Pre-registration and library support
Fred Breese – Research Services Co-ordinator, University of Manchester Library.
In the UK open research is not just a thriving grassroots movement – there are 33 UKRN Institutional Leads representing support and engagement from senior university leadership. Current consensus is that open research requirements are likely to have a place in REF 2028, accelerating a trend towards engagement. University libraries should expect to play a key role in this future through the development of open research services, framed around policy mandates either at the university or national level.
Support models for open access publishing and research data management are already present in libraries and have played a significant role in the growth in adoption of these practices. Below, I explore preregistration, which is a likely candidate for future library-based support.
Briefly, preregistration can be understood as follows: prior to data collection a study plan is shared, commonly on a repository such as OSF. This will contain information such as hypotheses and plans for data analysis. OSF’s guidance on how to create a preregistration using their platform gives an illustration of the process. Similar to data archiving in a repository, the deposit workflow is simple, but comes with hidden complexities around the content of study plans, embargo periods etc.
Purpose
In terms of its purpose, preregistration is an intervention designed to mitigate a number of factors contributing to irreproducibility. As Brian Nosek summarises in Preregistration is Hard and Worthwhile these are as follows:
- Improved transparency allows for detection of questionable research practices, particularly p-hacking and HARKing.
- Unpublished analyses are still findable through preregistration, reducing the impact of publication bias.
It’s worth noting that recent literature on preregistration has questioned its effectiveness (a well maintained Wikipedia page gives an extensive bibliography). This particularly relates to how preregistration is applied in practice: e.g., are registrations actually followed, are they specific enough so as not to leave room for p-hacking?
Though preregistration’s adoption by open research has been fairly recent, clinical trial registration has been common practice since the mid-2000s, giving an impression of what might happen were preregistration broadly mandated. Clinical trial registries have a poor track record both in terms of registration coverage and accuracy. Many of these issues played out during the Covid-19 pandemic, with registries delivering limited of their promised value for research co-ordination.

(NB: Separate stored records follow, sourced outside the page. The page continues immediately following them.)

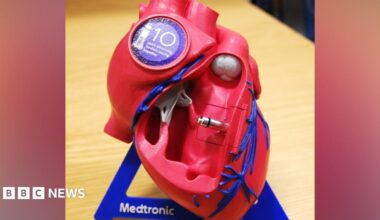 The leadless pacemaker, that is a small metallic-looking item, fitted inside a life-size model of a heart, that is made out of plastic, red, in colour, with blue veins.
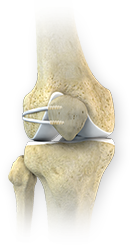 Medial Patellar Instability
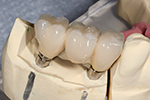 implant dental crown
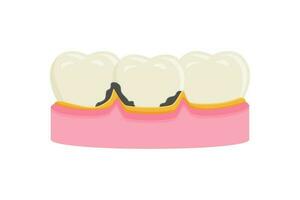 Dental Plakette Vektor Illustration. Zahnschmerzen Symbol Zeichen Symbol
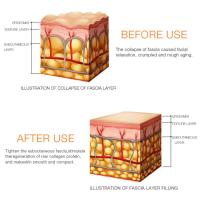 Máquina ultrasónica para rejuvenecimiento de la piel, masajeador Facial, estiramiento Facial, antiarrugas, dispositivo de belleza, Min HIFU - details 10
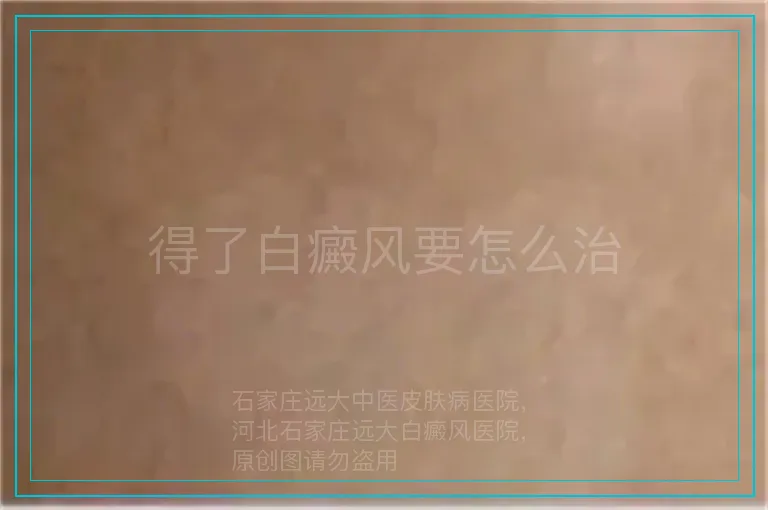 得了白癜风要怎么治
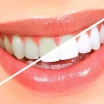 Ist Zahnbleaching dauerhaft? Haltbarkeit, Rückfall & Tipps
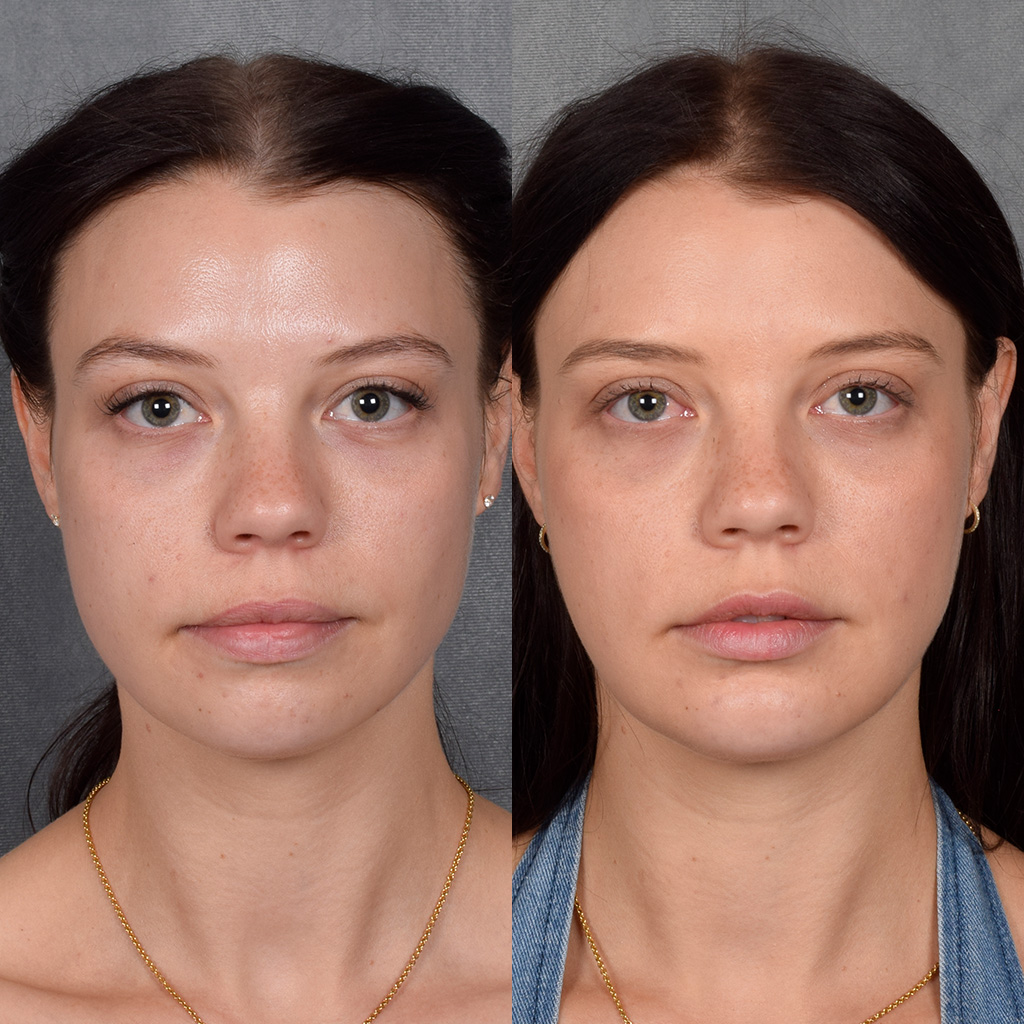 Fat Transfer Before & After Gallery - Patient 301870 - Image 1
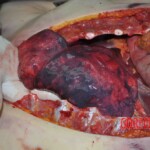 Autopsy of young woman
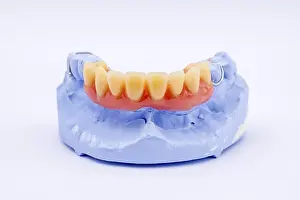 Dentist Treatment Prints: Removable denture of an upper jaw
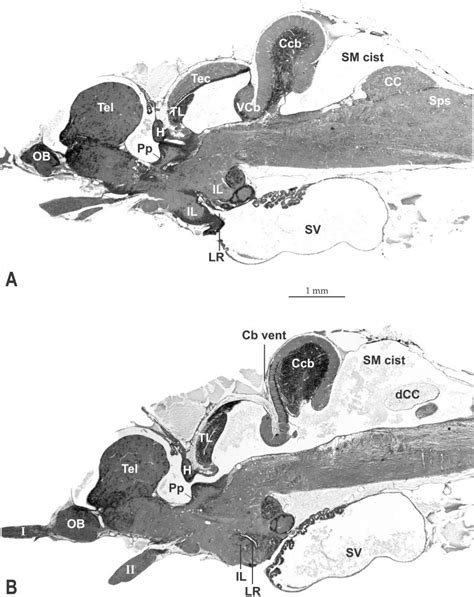 Brain histology of Dolloidraco longedorsalis (longitudinal sections).... | Download Scientific ...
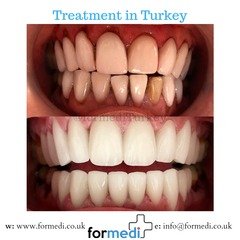 clinic Turkey dental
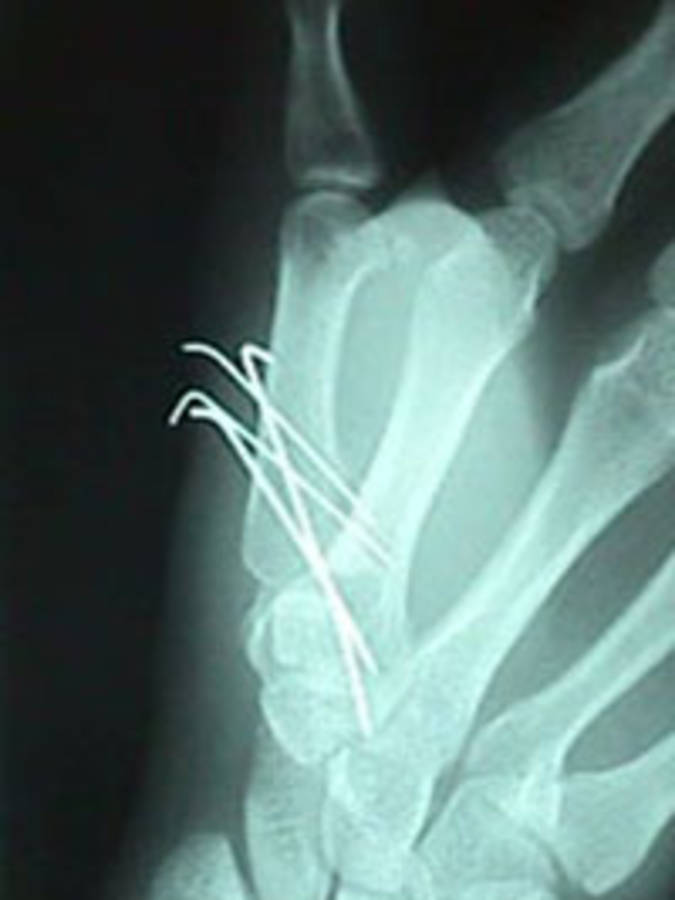 Lateral View Thumb Fracture After Repair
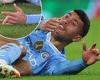 sport news Matheus Nunes suffers gruesome finger injury during Man City's win over ... trends now
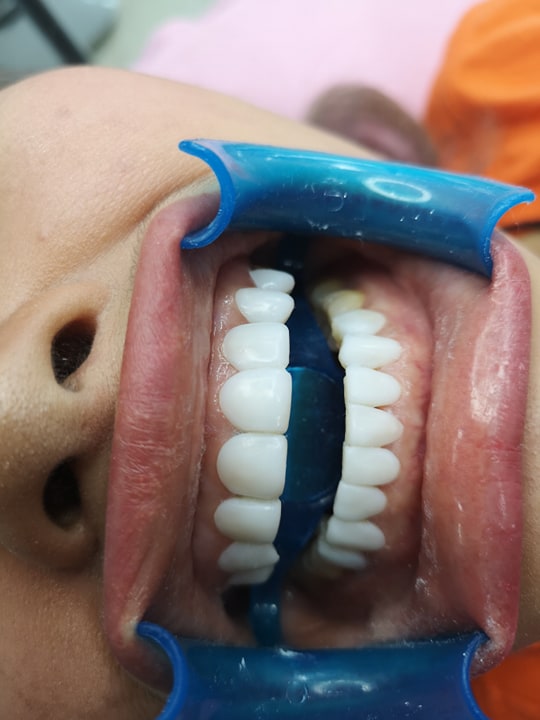 thuốc tẩy trắng răng philipin (bật tông cực trắng. không gây ê buốt)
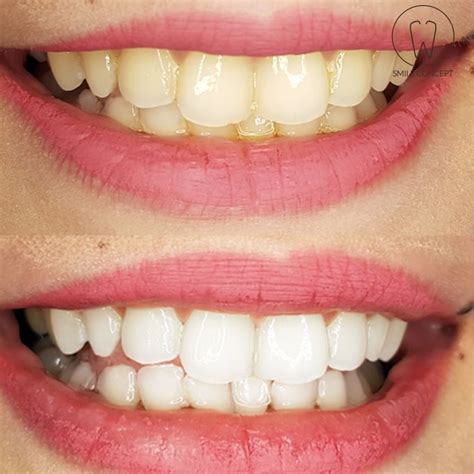 Before After Teeth Whitening by Smile Concept dental clinic ...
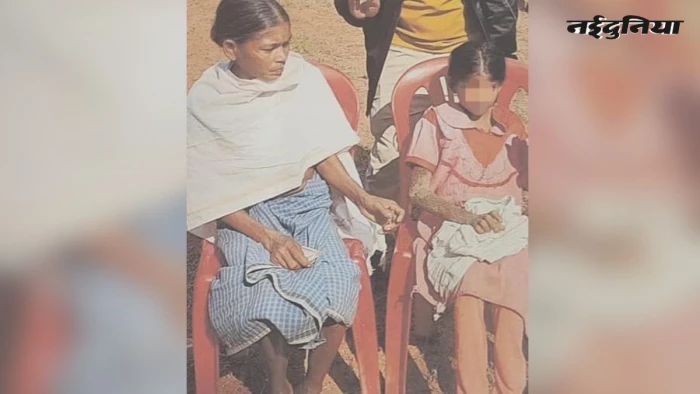 पत्थर शरीर वाली बीमार बच्ची के नाम पर क्राउडफंडिंग में हेरफेर, बाल अधिकार संरक्षण आयोग ने दिए जांच के निर्देश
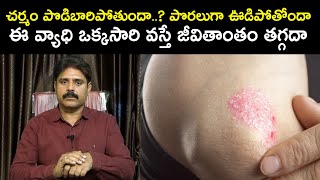 చర్మం పొడిబారిపోతుందా? పొరలుగా ఊడిపోతోందా ఈ వ్యాధి ఒక్కసారి వస్తే జీవితాంతం తగ్గదా|Dr. Sridhar Reddy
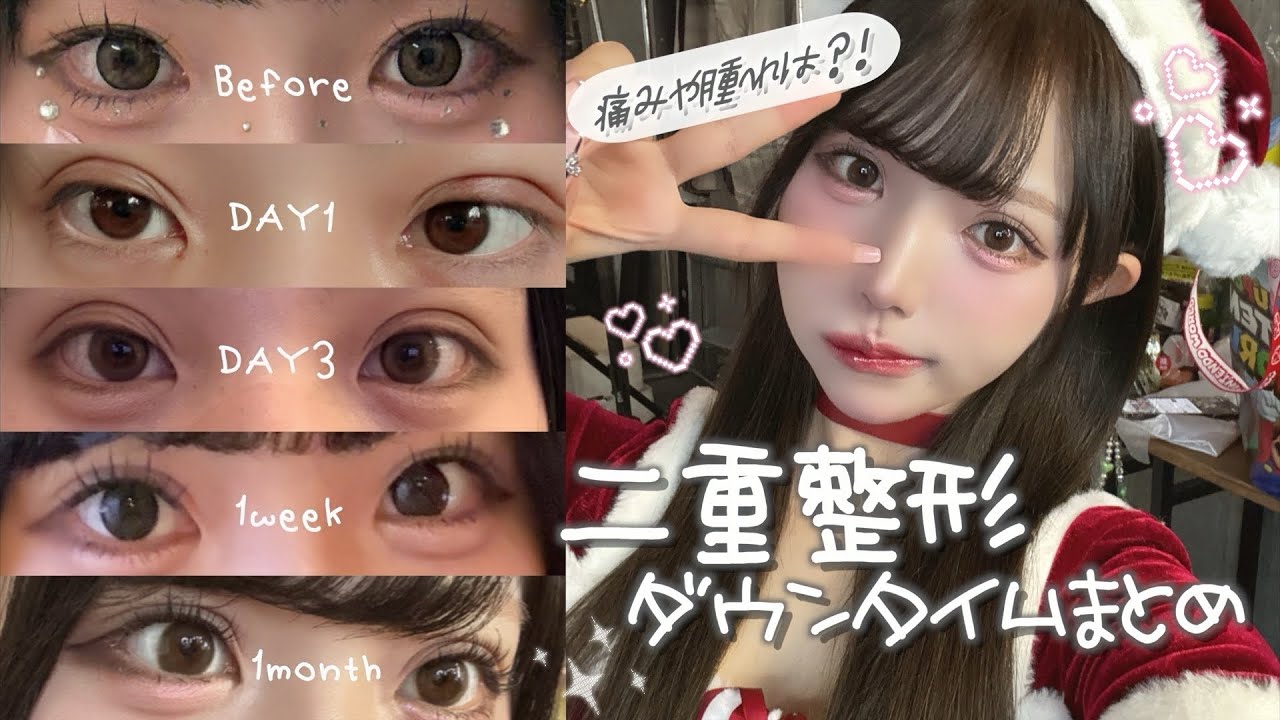 【二重整形】2回目の埋没!!腫れやダウンタイムの様子を正直に話してます🍀*゜
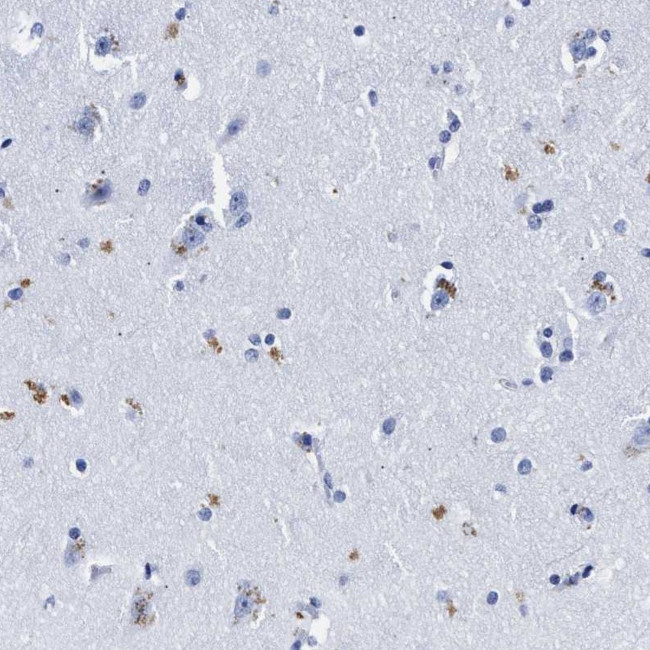 LRRC8E Antibody in Immunohistochemistry (Paraffin) (IHC (P))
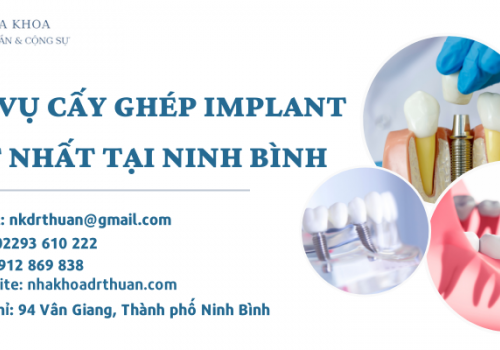 Dịch Vụ Cấy Ghép Implant Uy Tín Hàng Đầu Tại Ninh Bình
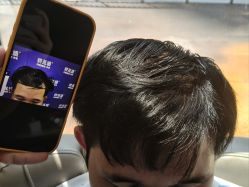 -碧莲盛·不剃发植发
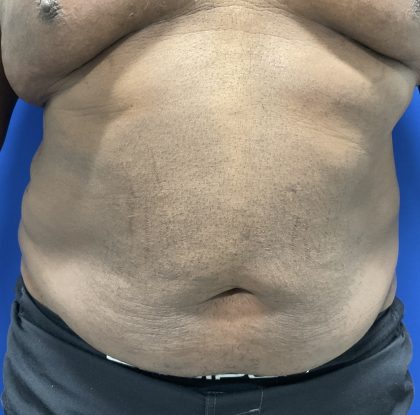 Emsculpt Neo Before & After Patient #2793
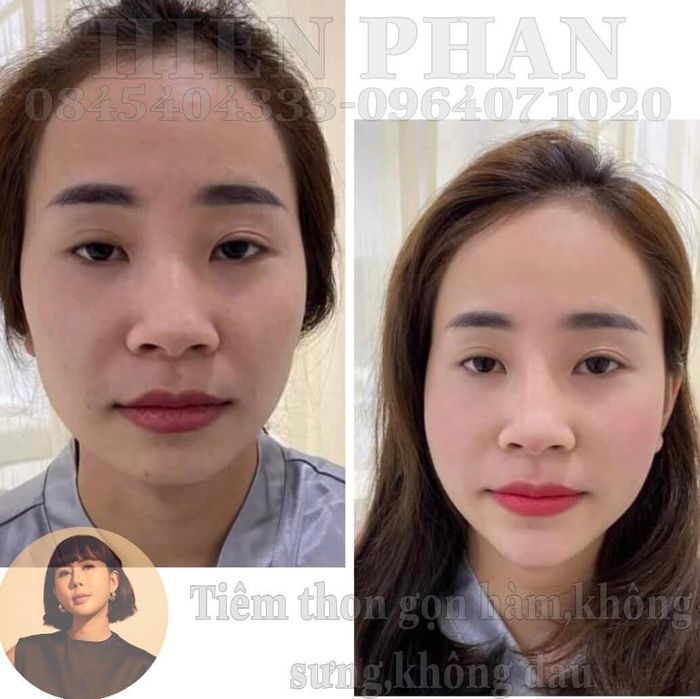 Viện Thẩm Mỹ Hiền Phan hình ảnh 2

One response would be to frame preregistration as a more targeted intervention, showing when a finding has been HARKed. While preregistration is certainly effective at revealing HARKing, the status of this “questionable research practice” is complex. Kerr’s classic paper on the subject gives a valuable introduction to the issue of when post hoc theorising can be problematic. Indeed discussion of HARKing leads to methodological questions about the appropriate use of hypothesis testing itself.
Further considerations
Even in this very brief summary, it’s clear there is a lot for librarians to take on board if tasked with designing a service around preregistration. This should be expected given experiences with open access and open data, both of which require specific expertise. Research data management provides a fitting comparison, which combined with preregistration provides a gold standard for research transparency. Discipline specific concerns should inform how this can appropriately be applied for any individual study.
As with open data practices, the best implementation of preregistration is dependent on the right infrastructure, and the support of experts to ensure that study plans are as useful as possible. Indeed, some of the shortcomings described above should encourage the development of research support. This can well account for the nuances of the practice, as we see with research data management and its effective handling of concerns with sensitive material, IPR and potential commercial exploitation.